Der Schulleiter wird künftig weitgehend der Unterrichtserteilung entbunden — dies in einer Zeit größten Lehrermangels! Mit dieser Maßnahme findet die Verbürokratisierung der Schule bereits auf der untersten Ebene Eingang, und der Schulleiter übt vor allem die Funktion eines „Schulaufsehers“ aus. Oder: Es blieb eigenartigerweise der Zweiten Republik vorbehalten, mit einer in der Öffentlichkeit viel belächelten „Amtstitelverordnung“ aufzuwarten, die eine wahre „Sintflut“

von Lehrertiteln im Gefolge hatte, während man im besagten Obrigkeitsstaat mit nur ein paar „Amtstiteln“ durchaus das Auslangen fand.

Der britische Philosoph Lord Bertrand Rüssel bezeichnet den Lehrer als den „Träger der Zivilisation“ und sieht im freien Lehrer einen Garanten für Toleranz und Demokratie, da gerade dieser wie kaum ein anderer dafür prädestiniert erscheint, die ihm anvertrauten Schüler zu einer hochherzigen Geisteshaltung zu erziehen. „Die einzige Methode, den Totalitarismus in unserer durchorganisierten Welt zu verhindern, ist die Gewährung eines gewissen Maßes an Unabhängigkeit für solche Körperschaften, deren Tätigkeit für die Allgemeinheit von Wert ist, und unter ihnen verdient wohl die Lehrerschaft einen besonderen Platz.“ Er hebt hervor, daß der Lehrer so wie der Künstler, Schriftsteller oder Philosoph nur dann seine Aufgabe voll erfüllen könne, wenn er sich als Eigenpersönlichkeit fühlt, die von einem inneren schöpferischen Impuls gelenkt und nicht von einer äußeren Obrigkeit beherrscht und gehemmt wird.
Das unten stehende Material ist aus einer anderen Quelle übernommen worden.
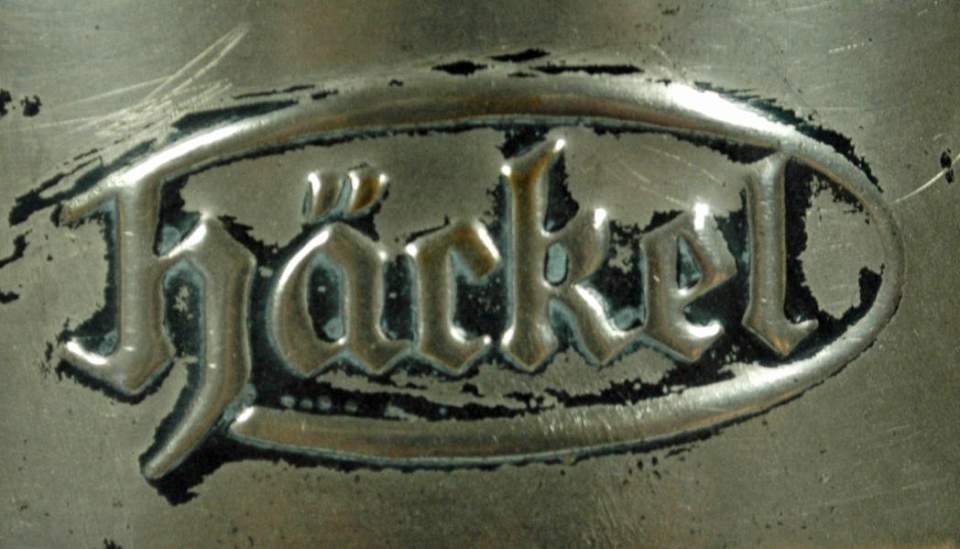 Werbeeinfach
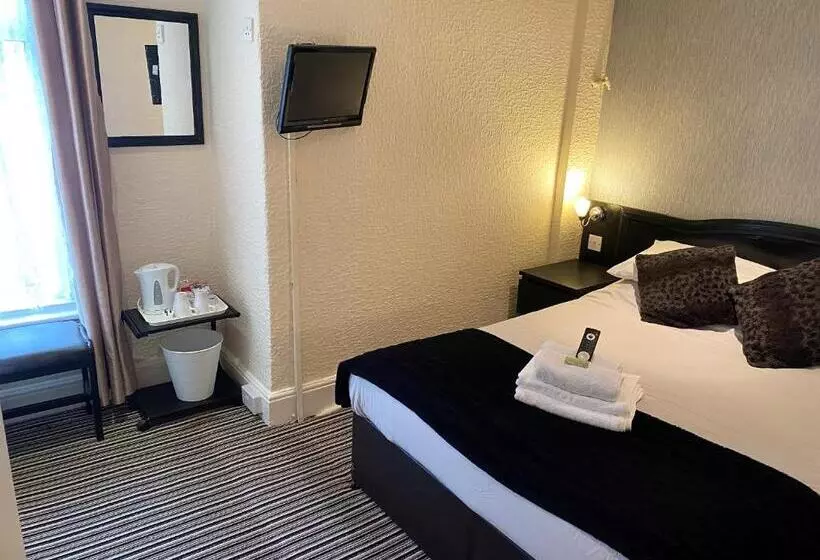 Fotos del hotel Grange House:  12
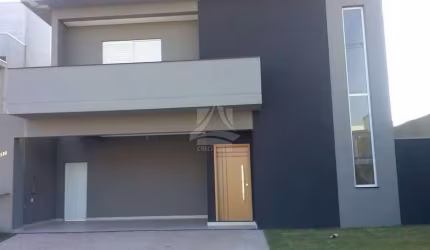 Casa em condomínio fechado com 3 quartos à venda no Quinta da Primavera, Ribeirão Preto  por R$ 1.890.000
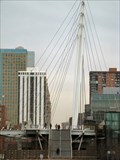Image for Denver Millennium Bridge - Denver, CO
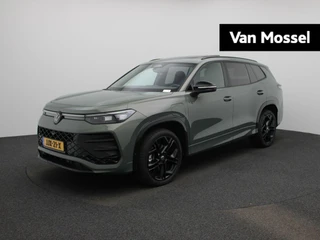 Volkswagen Tayron 1.5 eHybrid R-Line Edition 204 PK|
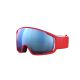 POC Zonula Prismane Red Skibrille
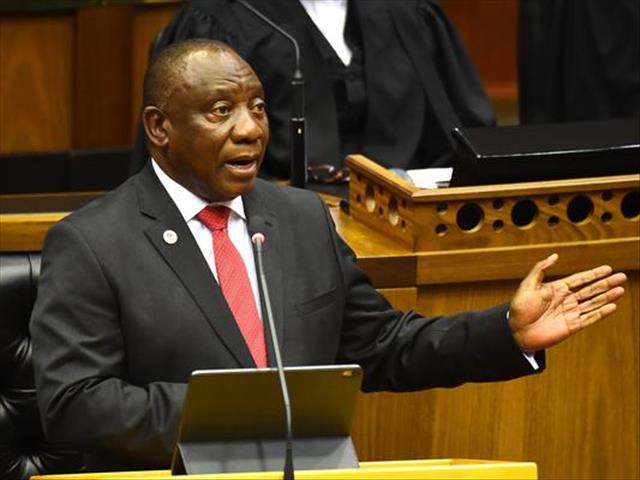 Investors pledge billions to improve SA economy | News Article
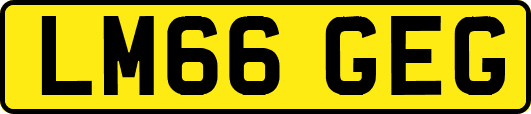 LM66GEG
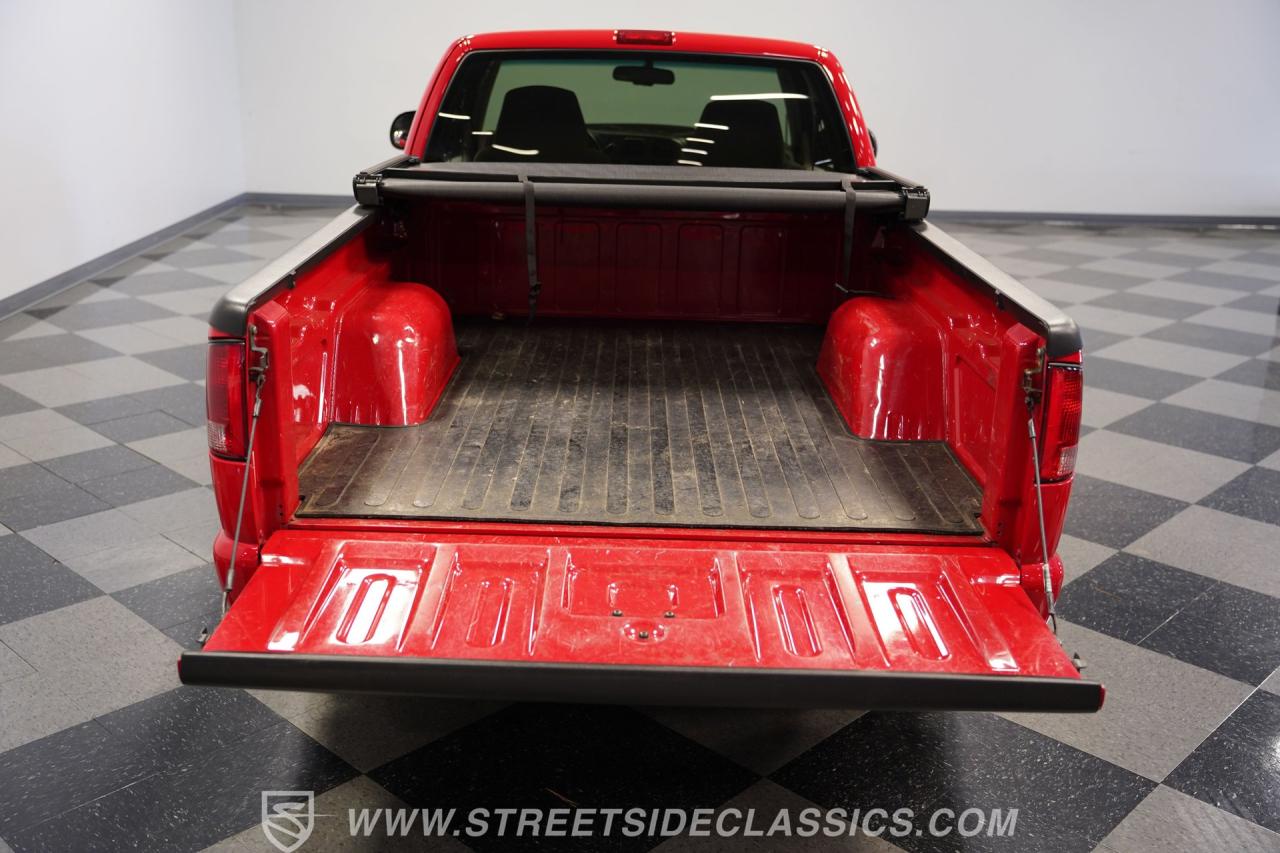 2000 Chevrolet S-10 Xtreme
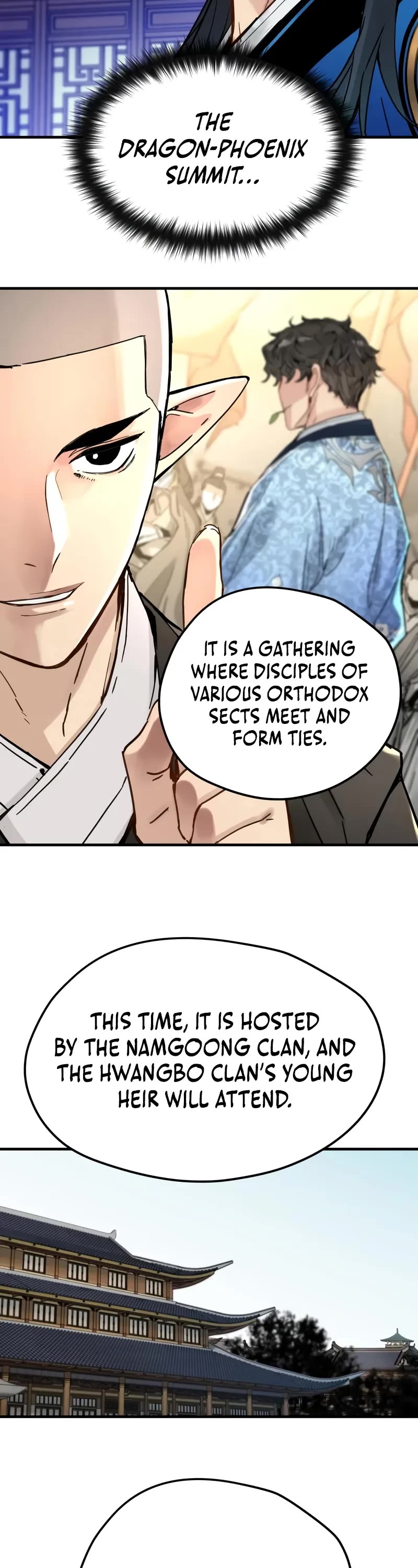 Surviving as a Genius on Borrowed Time chapter 52 page 25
Doch unter den heutigen Umständen seien viele Lehrer außerstande, wirklich ihr Bestes zu leisten. — Feststellungen, die nicht nur im Heimatland des Philosophen Aktualität besitzen!

Die Schweizer Schule

Es erhebt sich die Frage: Wie könnte das österreichische Schulwesen — und mit ihm der Lehrerstand — neue Impulse empfangen, um es nicht anachronistisch erstarren zu lassen?

Es ist hierzulande wenig bekannt, daß zum Beispiel das Schulwesen der Schweiz wesentlich anders organisiert ist als das österreichische. Der Schweizer Rechtssachverständige, Pädagoge und Publizist Max S c h ä r e r befaßte sich in der letzen Februarnummer des „Basler Schulblattes“ eingehend mit dem Aufbau der eidgenössischen Schule. Er kommt zum Ergebnis, daß man zum Unterschied vom Kanton Basel in „anderen Ländern“ eine Schulorganisation besitzt, die man in der Schweiz „einmütig ablehnen würde, nämlich eine obrigkeitliche Führung des einzelnen Lehrers, die wir bei uns als unannehmbar betrachten müßten.“

Der Verfasser weist darauf hin, daß in den besagten „anderen Ländern“ das Schulwesen analog zum Aufbau der Staatsverwaltung, also nach Prinzipien des reinen Verwaltungsrechtes organisiert worden sei, mit der „Hierarchie mit Dienstgewalt als Kernstück“. Das Schulwesen der Schweiz hingegen habe seine Stärke nicht im Glauben an Paragraphen und an die Durchsetzung eines regierungsrätlichen Willens in die hinterste und letzte Schulstube, sondern es baue darauf auf, daß bei sorgfältiger Auslese und guter Ausbildung ein Lehrerstand geschaffen werden könne, der zur richtigen Lösung seiner Bildungsaufgabe keiner obrigkeitlichen Führung bedürfe. Denn die Aufgabe des Lehrers unterscheide sich ja wesentlich vom Beamten darin, daß seine wichtigste Aufgabe die pädagogische sei, also eine weit mehr künstlerische als verwaltungsmäßige Aufgabe. In diesem schöpferischen Bereich wären enge Vorschriften geradezu Gift für das beste und kostbarste Wirken des Lehrers. Ferner erblicke man in der Schweiz in einer möglichst großen persönlichen Freiheit des Lehrers die beste Garantie für die Freiheit des Staatsbürgers schlechthin im „Jahrhundert der Propagandadiktaturen“.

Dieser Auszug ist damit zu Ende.